Coherent control of atomic transport in spinor optical lattices
Brian E. Mischuck, Poul S. Jessen, Ivan H. Deutsch

TL;DR
This paper presents a method for coherently controlling atomic transport in spinor optical lattices using microwave-induced spin flips, enabling precise manipulation of atomic wave packets for quantum computing and simulation.
Contribution
It introduces a deterministic protocol for mapping localized states to distributed wave packets and provides analytic solutions for arbitrary unitary maps in homogeneous systems.
Findings
Successfully maps localized states to extended wave packets
Provides analytic solutions for unitary control in uniform systems
Demonstrates potential for quantum information applications
Abstract
Coherent transport of atoms trapped in an optical lattice can be controlled by microwave-induced spin flips that correlate with site-to-site hopping. We study the controllability of homogeneous one-dimensional systems of noninteracting atoms in the absence of site addressability.
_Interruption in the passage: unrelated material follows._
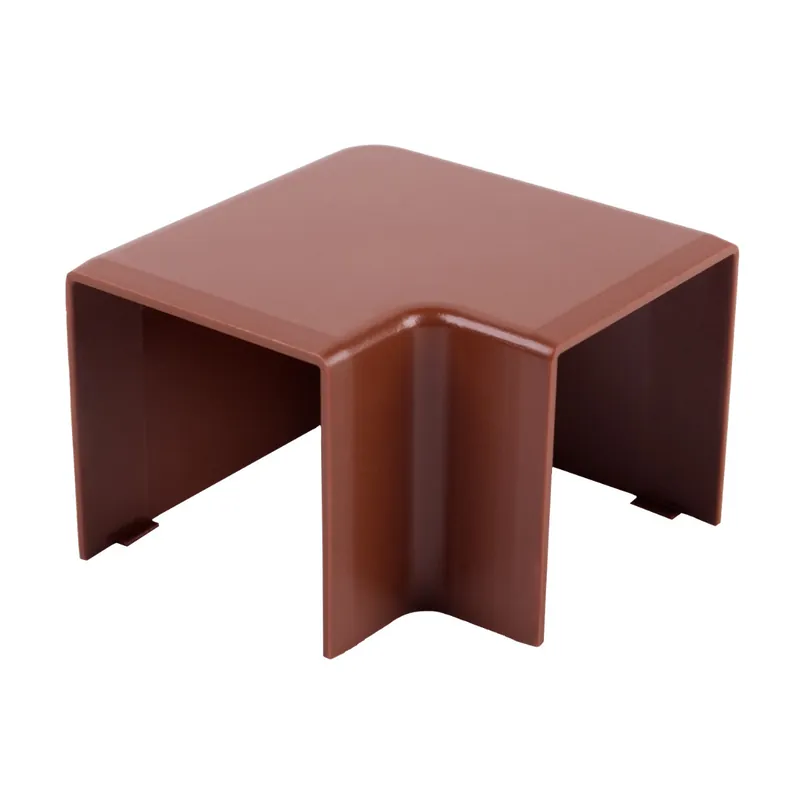 Záruka V Ceně KOPOS 8643_I2 - kryt ohybový LHD 40x40 I2 imitace/dub tmavý *8595568905826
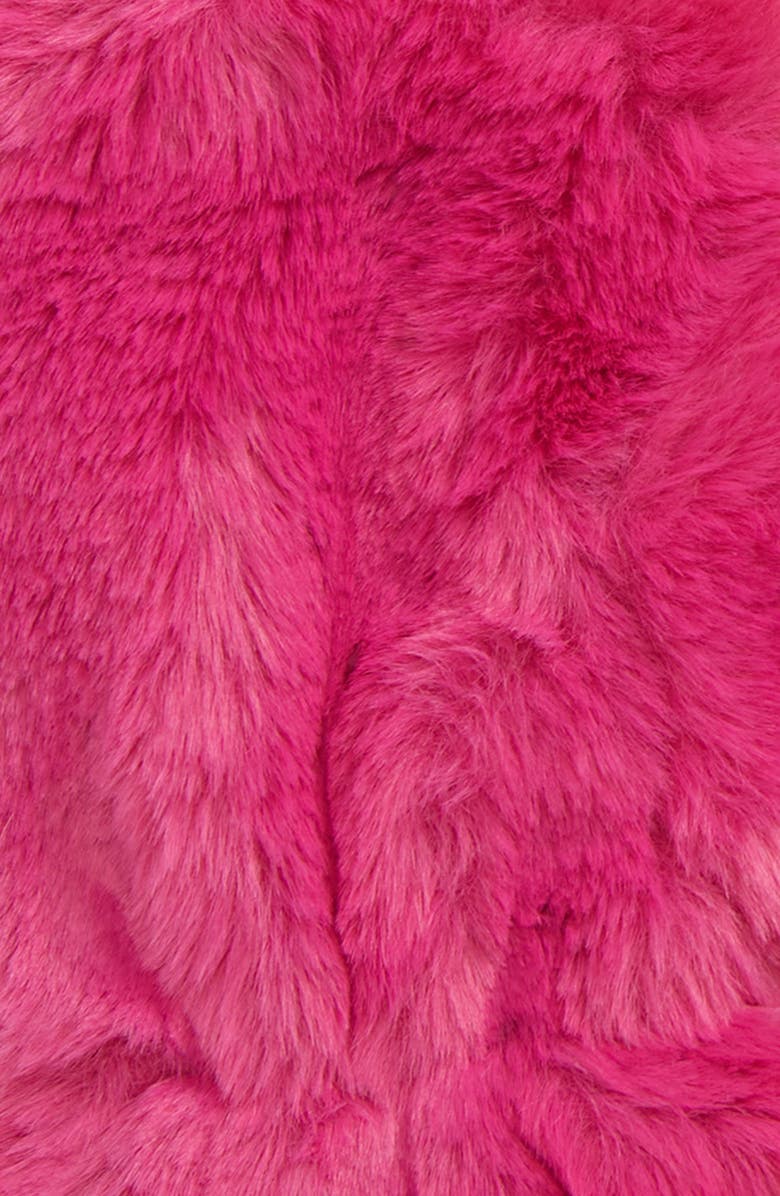 Apparis Ariel Faux Fur Mittens, Alternate, color,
Given these restrictions, we construct a deterministic protocol to map an initially localized Wannier state to a wave packet that that is coherently distributed over n sites. This is extended to analytic solutions for arbitrary unitary maps given homogenous systems and in the presence of time-dependent uniform forces. Such control is important for applications in quantum information processing such as quantum computing and quantum simulations of condensed matter phenomena.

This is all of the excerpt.